Without any pictures, print the lines below from the one that has "M&S Simply Food" through the one that has "Pazar yerinde aşure", exactly and nothing else.

■ MATERIAL SHOWN
=-=-=-=-=

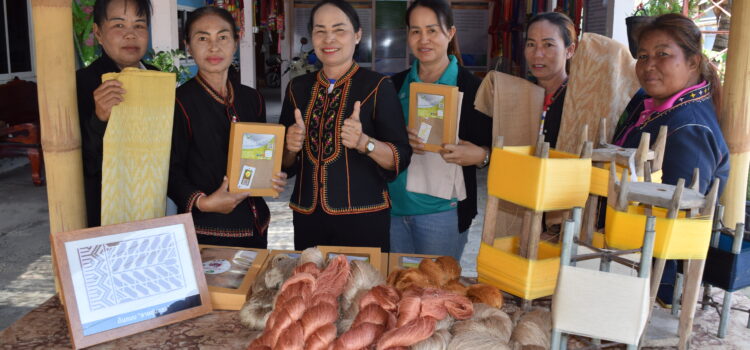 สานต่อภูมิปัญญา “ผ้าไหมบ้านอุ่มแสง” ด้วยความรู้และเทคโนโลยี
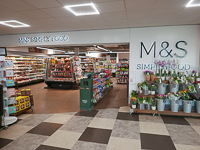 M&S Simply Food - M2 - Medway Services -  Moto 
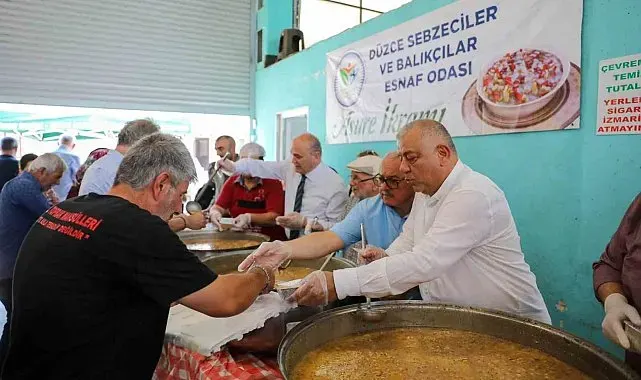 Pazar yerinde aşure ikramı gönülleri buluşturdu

=-=-=-=-=

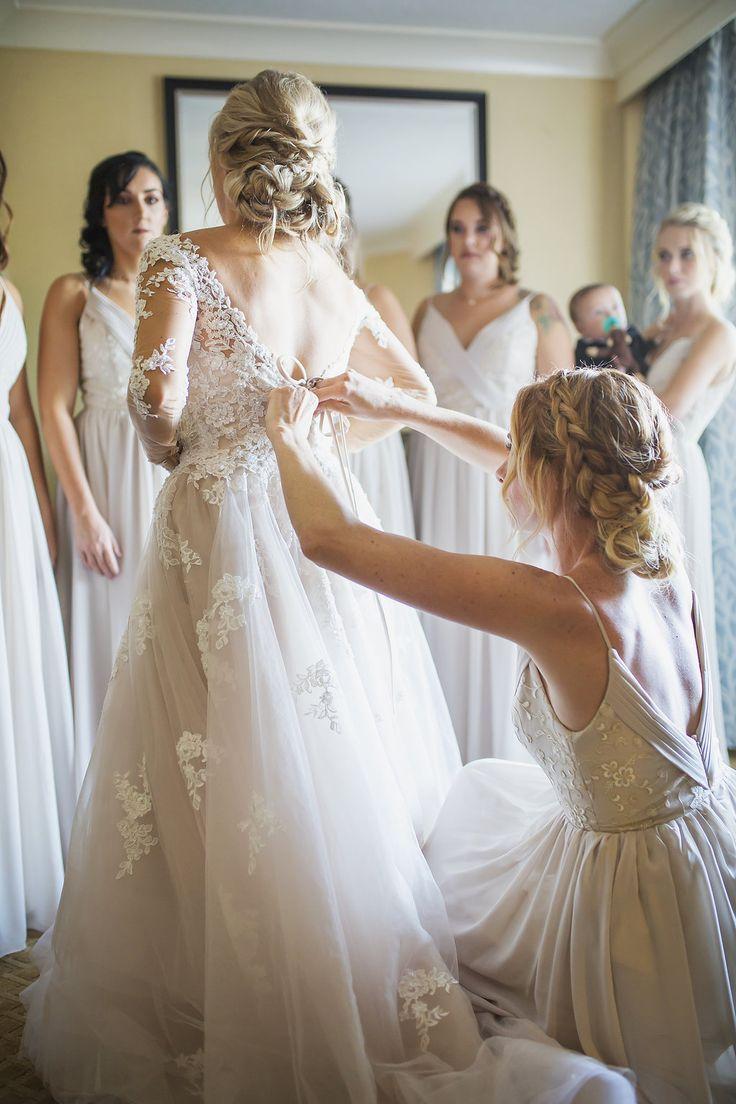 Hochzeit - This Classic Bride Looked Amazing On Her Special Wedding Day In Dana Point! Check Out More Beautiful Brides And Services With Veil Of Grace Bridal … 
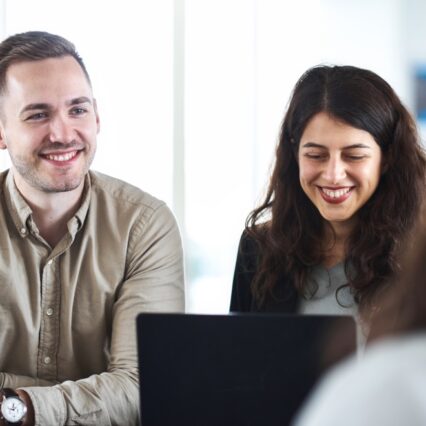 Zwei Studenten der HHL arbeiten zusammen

=-=-=-=-=

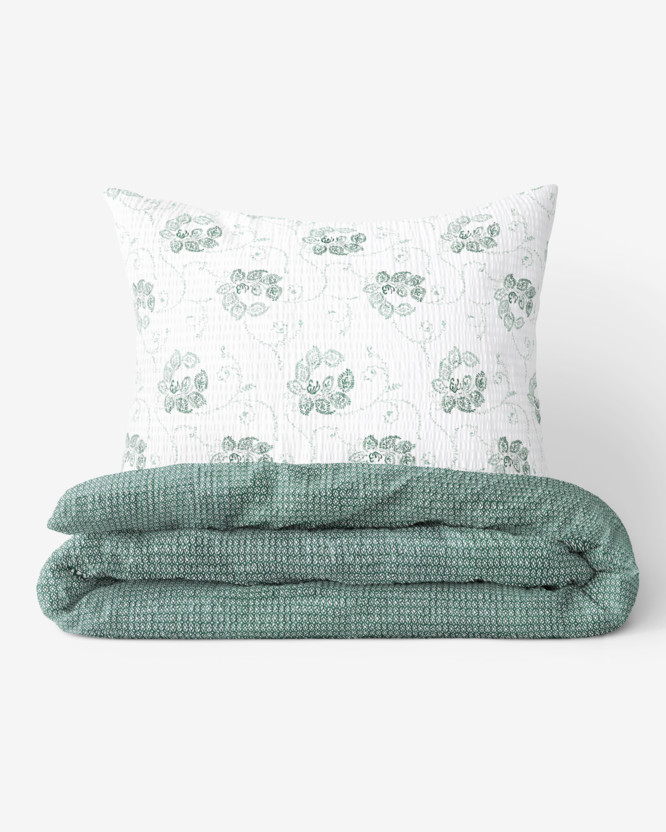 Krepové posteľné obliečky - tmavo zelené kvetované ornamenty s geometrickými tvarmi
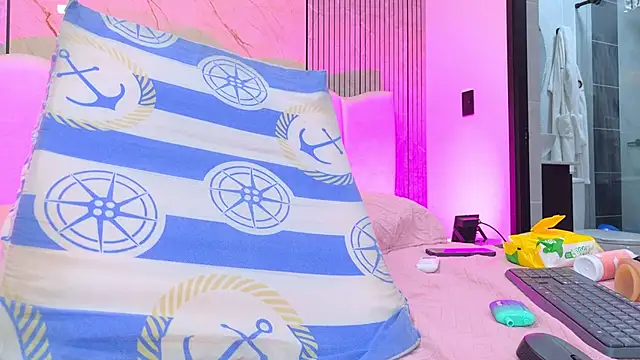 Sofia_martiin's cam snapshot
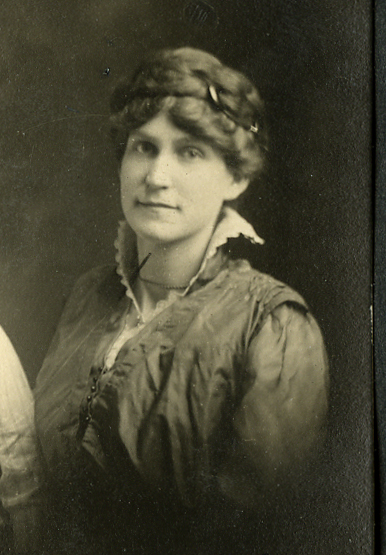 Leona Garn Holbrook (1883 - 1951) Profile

=-=-=-=-=

■ SOLUTION
 M&S Simply Food - M2 - Medway Services -  Moto 
 Pazar yerinde aşure ikramı gönülleri buluşturdu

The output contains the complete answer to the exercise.